My eyes read Scala but my brain was thinking Clojure, so I was a bit confused on why there weren’t any parentheses for the first couple of seconds looking at the source.

alberth

4 hours ago

> As a work of the United States Government, this project is in the public domain within the United States.

What does it mean for the license to say "within the US"?

Does this mean this software cannot be used outside the US?

dragonwriter

4 hours ago

> What does it mean for the license to say "within the US"?

It means exactly what it says; you have to read the whole thing (or at least the two sentences before the CC 1.0 Universal text, which is the operative mechanism by which the second sentence is effected), not a fraction of the first sentence.

> Does this mean this software cannot be used outside the US?

No. The license explains two things:

(1) Without any license, this is automatically public domain in the US because it is a federal government work.

(2) The federal government (as the owner of the copyright at creation outside the United States, at least anywhere that applies the common rules underlying the Berne Convention) waives copyright worldwide, and does so via the CC 1.0 Universal declaration (the text of which is then included.)
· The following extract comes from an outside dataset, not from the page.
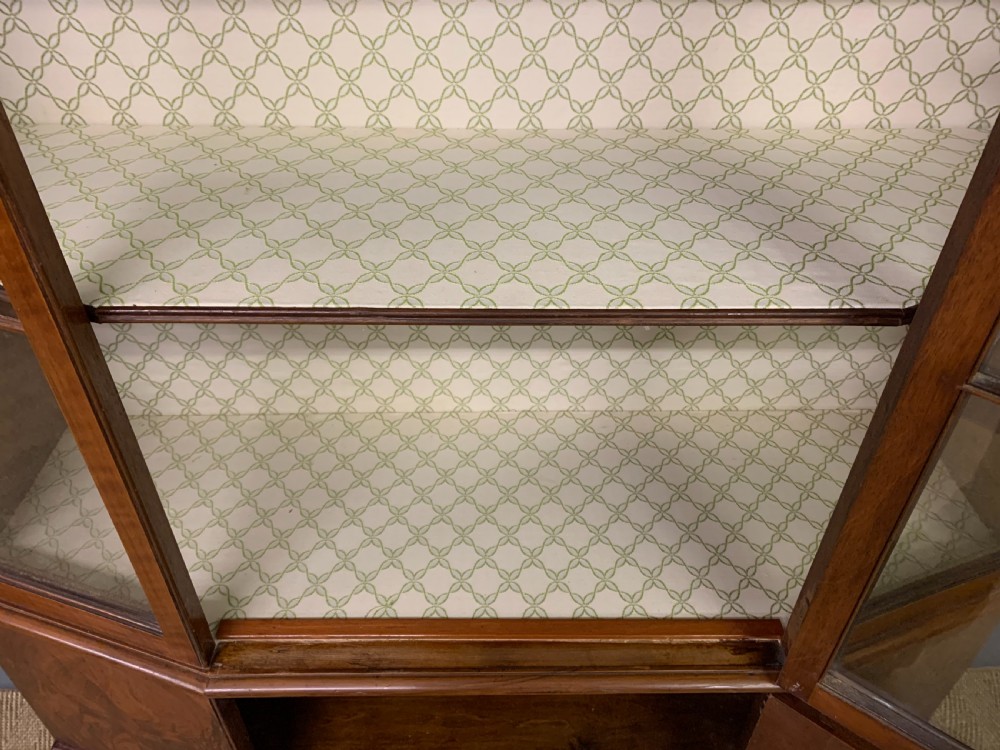 Burr Walnut Display Cabinet View XI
So, it is, to the extent that this is legally possible, copyright-free globally.

jandrewrogers

3 hours ago

Some countries don't recognize the concept of Public Domain works. In the US, many government works are Public Domain as a matter of law. This creates complications internationally in those countries that don't recognize the legitimacy of Public Domain as a legal concept. Nonetheless, the US still wants to make it available internationally.

To satisfy these conflicting requirements, the US government places it in the Public Domain in the US to satisfy US law. Additionally, they make it available internationally under a license that approximates the intent of Public Domain while still being recognized as a legally valid thing.

ronbenton

4 hours ago

Good question. Copyright laws are country-specific, right? So perhaps it is just trying to be clear that there is no license being asserted outside of the US.

dragonwriter

3 hours ago

Licenses are offered or granted (they are permissions from the copyright holder), not asserted.

bickfordb

4 hours ago

Surprised to learn we still have an IRS

ok123456

5 hours ago

Why would I want to use this over Prolog/Datalog?

NoahZuniga

4 hours ago

Because prolog/datalog don't offer a list of questions that you can ask based on context to calculate someone's US taxes.

ok123456

4 hours ago

That's the database you consult(). Doing income taxes is well-suited to traditional logic programming.

akerl_

4 hours ago

This is a bit like asking "why would I use my car's schematics instead of a wrench".

This is the rules engine's details. You could use it to build the logic and traversal in whatever language you like.

nerdponx

2 hours ago

I think they're asking why you would build a rules engine and fact graph instead of "just" encoding it in Datalog.